→ Try it:
Beginning with the line that contains "Red and green capsules on a white background", extract each line through the end of the listing below, with no additions or omissions.

→ Given records:
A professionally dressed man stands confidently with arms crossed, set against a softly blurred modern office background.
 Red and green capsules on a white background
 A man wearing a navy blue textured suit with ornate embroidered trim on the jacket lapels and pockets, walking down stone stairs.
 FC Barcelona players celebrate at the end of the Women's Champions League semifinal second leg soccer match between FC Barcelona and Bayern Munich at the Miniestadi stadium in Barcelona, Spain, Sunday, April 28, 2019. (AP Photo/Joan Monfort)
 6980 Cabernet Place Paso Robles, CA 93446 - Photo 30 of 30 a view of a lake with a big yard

→ Answer section:
 Red and green capsules on a white background
 A man wearing a navy blue textured suit with ornate embroidered trim on the jacket lapels and pockets, walking down stone stairs.
 FC Barcelona players celebrate at the end of the Women's Champions League semifinal second leg soccer match between FC Barcelona and Bayern Munich at the Miniestadi stadium in Barcelona, Spain, Sunday, April 28, 2019. (AP Photo/Joan Monfort)
 6980 Cabernet Place Paso Robles, CA 93446 - Photo 30 of 30 a view of a lake with a big yard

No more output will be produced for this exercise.